INSERT INTO Role (application, developer, role) 

VALUES (? , 
(SELECT Id from Developer WHERE firstName='Alice' and lastname='Wonderland'), 
'ARCHITECT');

In the missing value field, I am trying to do a join, the following join statement returns the VALUES I need:

   SELECT a.id 
FROM Application a
JOIN application d ON d.id = a.id and a.category='GAMES'

However, when I insert the previous query into the missing value field in the insert statement, it gives me an error stating that the query returned more than 1 row (which is intentional, seeing as I want ALL rows returned to be inserted into the role table)

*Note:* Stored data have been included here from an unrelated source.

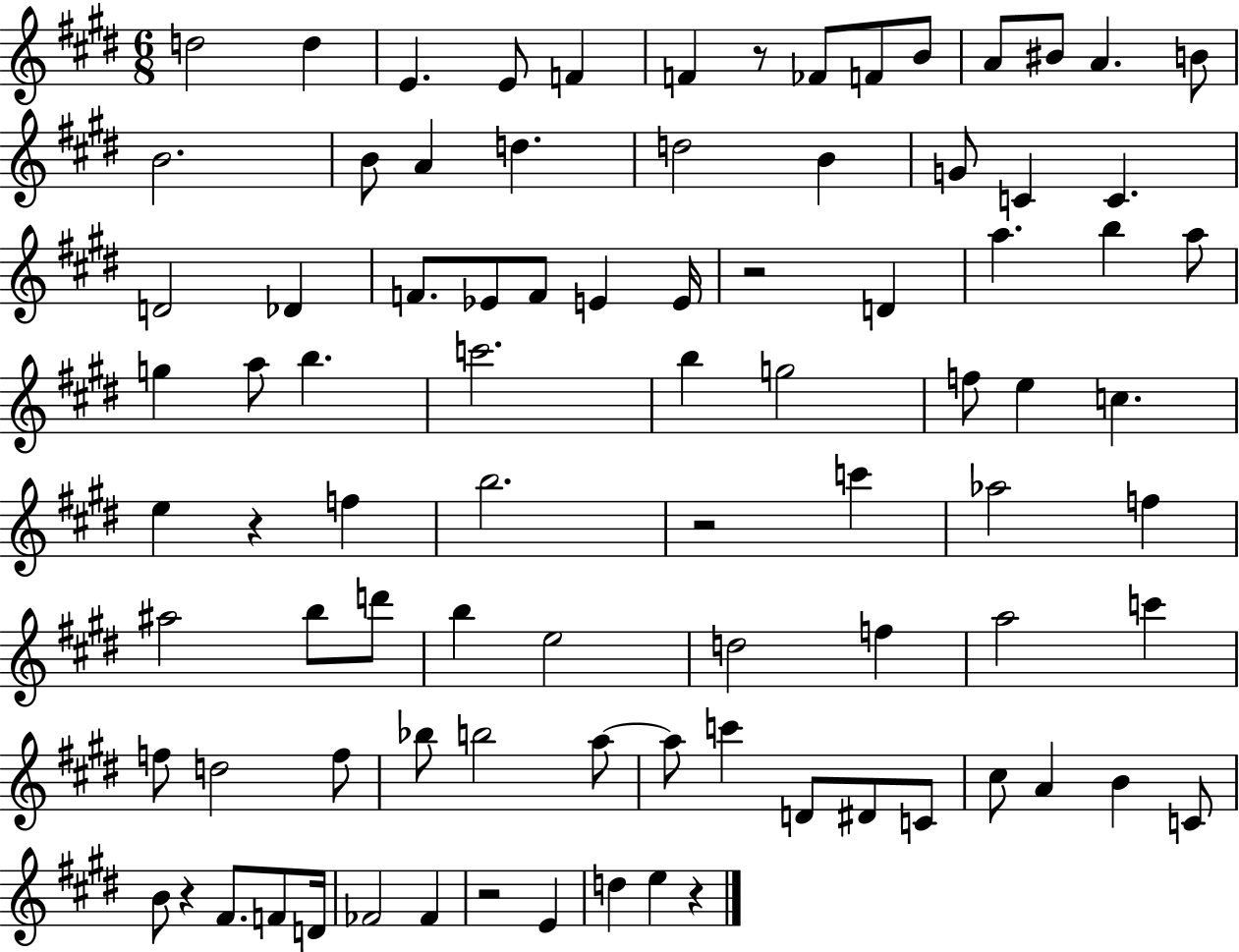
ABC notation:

X:1
T:Untitled
M:6/8
L:1/4
K:E
d2 d E E/2 F F z/2 _F/2 F/2 B/2 A/2 ^B/2 A B/2 B2 B/2 A d d2 B G/2 C C D2 _D F/2 _E/2 F/2 E E/4 z2 D a b a/2 g a/2 b c'2 b g2 f/2 e c e z f b2 z2 c' _a2 f ^a2 b/2 d'/2 b e2 d2 f a2 c' f/2 d2 f/2 _b/2 b2 a/2 a/2 c' D/2 ^D/2 C/2 ^c/2 A B C/2 B/2 z ^F/2 F/2 D/4 _F2 _F z2 E d e z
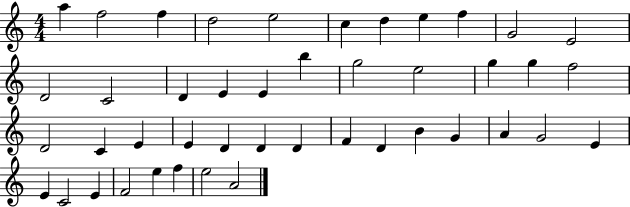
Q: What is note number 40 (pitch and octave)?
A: F4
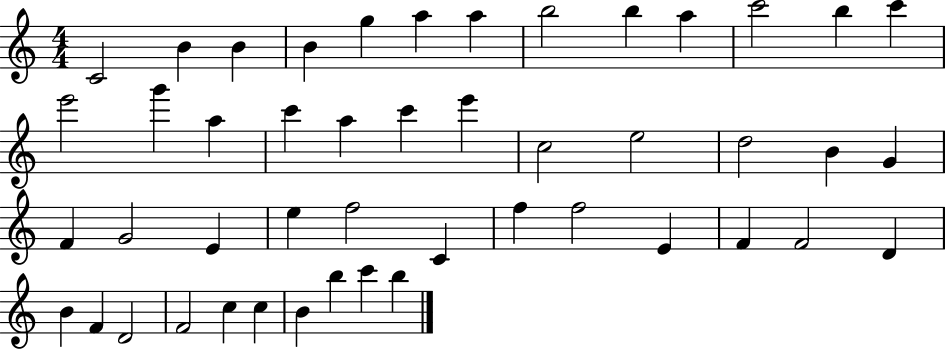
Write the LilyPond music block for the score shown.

{
  \clef treble
  \numericTimeSignature
  \time 4/4
  \key c \major
  c'2 b'4 b'4 | b'4 g''4 a''4 a''4 | b''2 b''4 a''4 | c'''2 b''4 c'''4 | \break e'''2 g'''4 a''4 | c'''4 a''4 c'''4 e'''4 | c''2 e''2 | d''2 b'4 g'4 | \break f'4 g'2 e'4 | e''4 f''2 c'4 | f''4 f''2 e'4 | f'4 f'2 d'4 | \break b'4 f'4 d'2 | f'2 c''4 c''4 | b'4 b''4 c'''4 b''4 | \bar "|."
}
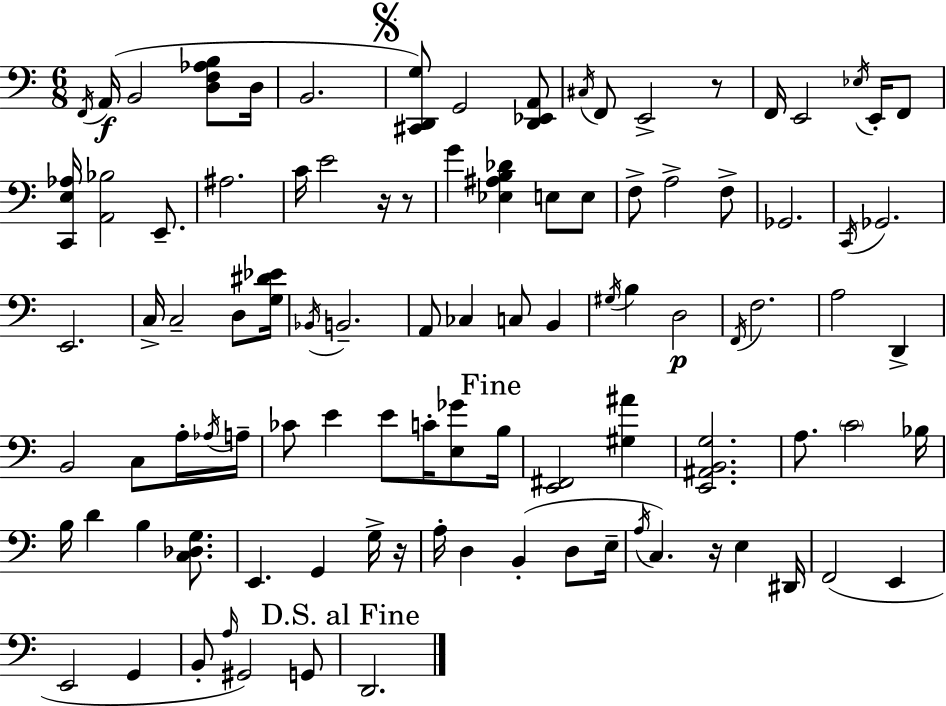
F2/s A2/s B2/h [D3,F3,Ab3,B3]/e D3/s B2/h. [C#2,D2,G3]/e G2/h [D2,Eb2,A2]/e C#3/s F2/e E2/h R/e F2/s E2/h Eb3/s E2/s F2/e [C2,E3,Ab3]/s [A2,Bb3]/h E2/e. A#3/h. C4/s E4/h R/s R/e G4/q [Eb3,A#3,B3,Db4]/q E3/e E3/e F3/e A3/h F3/e Gb2/h. C2/s Gb2/h. E2/h. C3/s C3/h D3/e [G3,D#4,Eb4]/s Bb2/s B2/h. A2/e CES3/q C3/e B2/q G#3/s B3/q D3/h F2/s F3/h. A3/h D2/q B2/h C3/e A3/s Ab3/s A3/s CES4/e E4/q E4/e C4/s [E3,Gb4]/e B3/s [E2,F#2]/h [G#3,A#4]/q [E2,A#2,B2,G3]/h. A3/e. C4/h Bb3/s B3/s D4/q B3/q [C3,Db3,G3]/e. E2/q. G2/q G3/s R/s A3/s D3/q B2/q D3/e E3/s A3/s C3/q. R/s E3/q D#2/s F2/h E2/q E2/h G2/q B2/e A3/s G#2/h G2/e D2/h.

Can anyone provide me feedback on how to fix this issue?

5
  • You can only insert one row at a time, so you'll need to find a way to do this one-by-one. Commented Oct 20, 2014 at 15:09
  • That join you have makes no sense. You are joining the same table on the same id column. Are you sure this is correct? Commented Oct 20, 2014 at 15:10
  • @Donal, yes the join statement works fine outside of the value field. If you have a better way to setup the join statement, let me know. Commented Oct 20, 2014 at 15:12
  • @McAdam331: you can insert more than one row at a time. Either by using insert into ... values (1,1), (2,2) or by using insert into ... select ... Commented Oct 20, 2014 at 15:13
  • @a_horse_with_no_name, good catch. My mistake. Also, OP, I think Donal's question is, there's no need to join a table with itself. Why not just select from that table? A simpler way to get all GAMES applications would be: SELECT id FROM application WHERE category = 'GAMES'; Commented Oct 20, 2014 at 15:16

3 Answers 3

1

I think this is what you are looking for:

INSERT INTO Role(application, developer, role)
    SELECT a.id, (SELECT Id from Developer WHERE firstName = 'Alice' and lastname = 'Wonderland'),
           'ARCHITECT' 
    FROM Application a JOIN
         application d
         ON d.id = a.id and a.category = 'GAMES';

Note: I was going to move the subquery with Developer into the FROM clause. However, if there are no matches, this will return NULL -- which seems to be your intention. If I put it in the FROM clause, you will get no matches (MySQL doesn't have a left cross join).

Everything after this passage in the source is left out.